* _Activity_: After locating the line with "Andency Queen Comforter" below, output it and each following line exactly, stopping after the line with "Small Red Fuzzy handbag clutch". No pictures.

* _Data for analysis_:

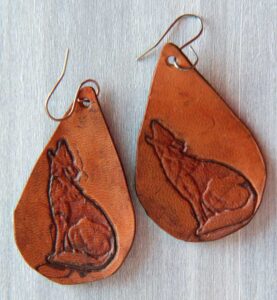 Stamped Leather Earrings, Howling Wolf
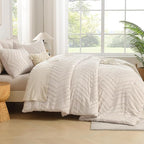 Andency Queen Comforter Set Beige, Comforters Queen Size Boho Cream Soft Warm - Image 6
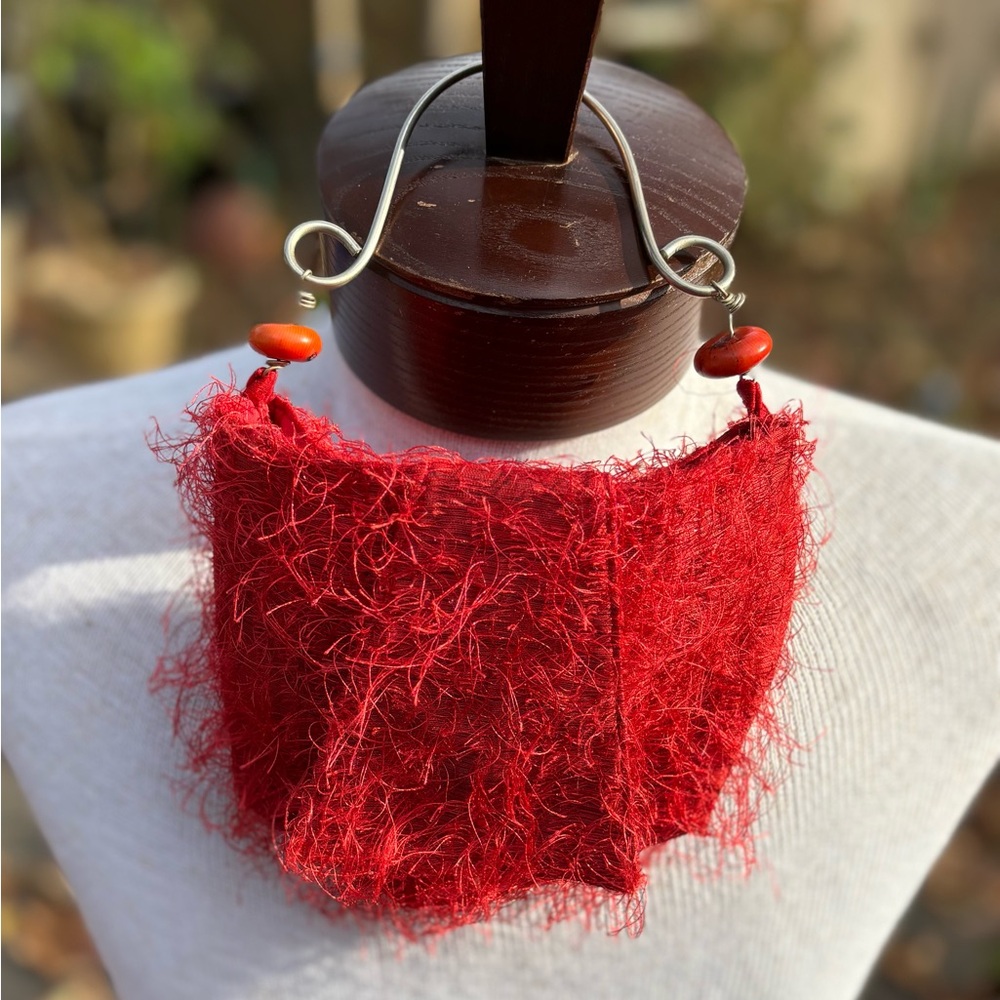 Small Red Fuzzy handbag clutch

==

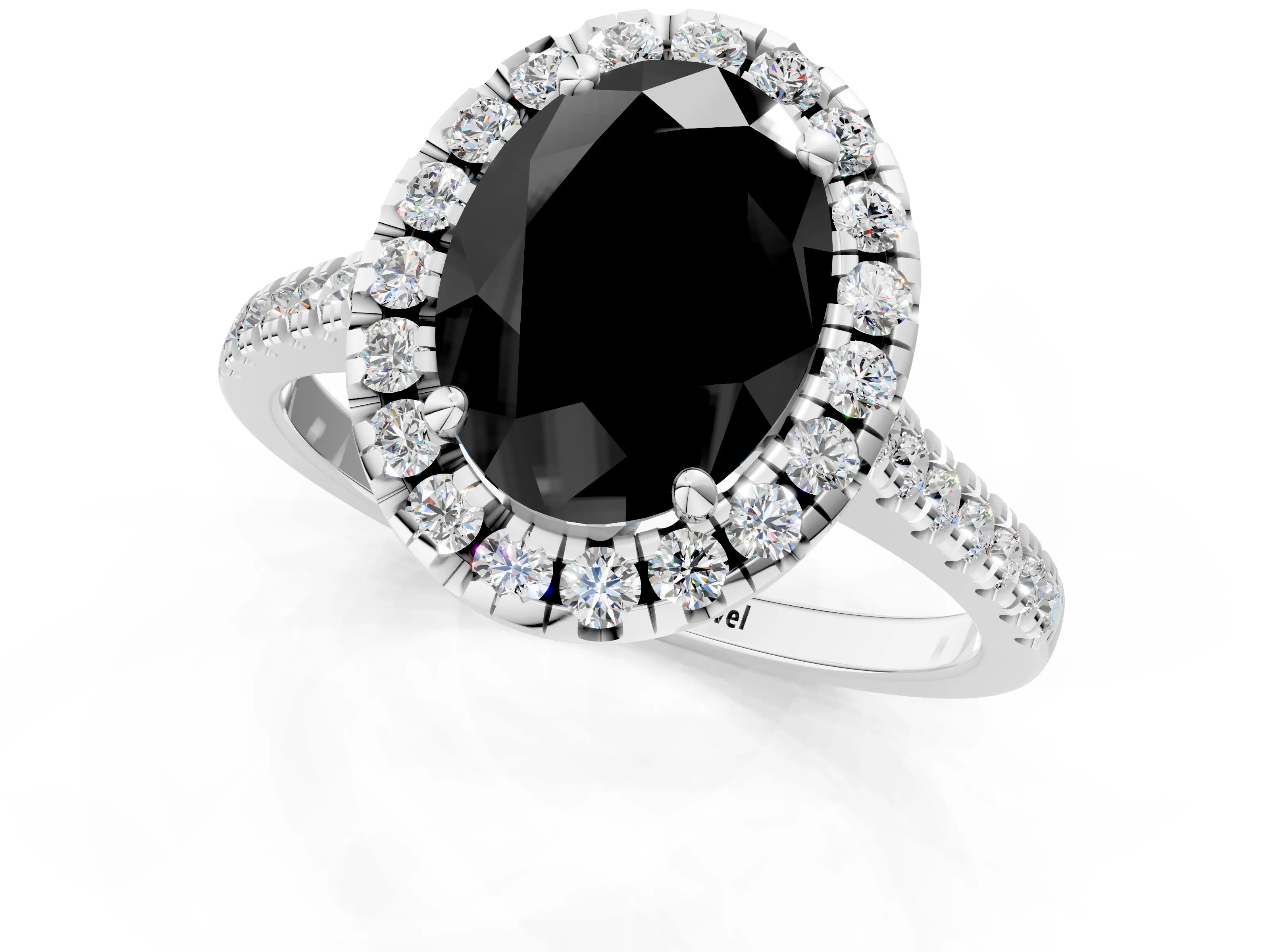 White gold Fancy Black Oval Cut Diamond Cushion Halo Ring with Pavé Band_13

* * *

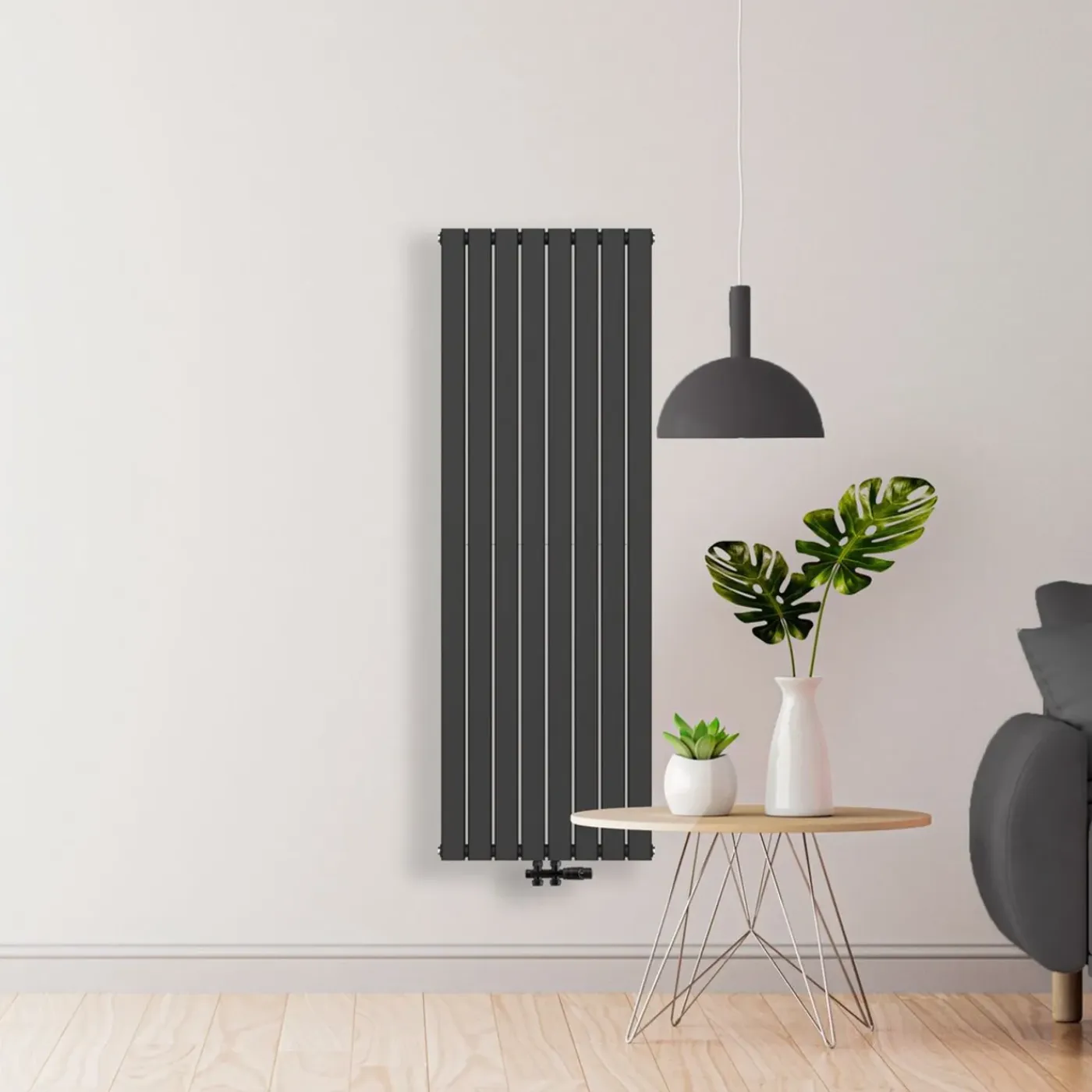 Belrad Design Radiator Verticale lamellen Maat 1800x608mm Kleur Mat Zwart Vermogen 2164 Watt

* _Response to this exercise_:
 Andency Queen Comforter Set Beige, Comforters Queen Size Boho Cream Soft Warm - Image 6
 Small Red Fuzzy handbag clutch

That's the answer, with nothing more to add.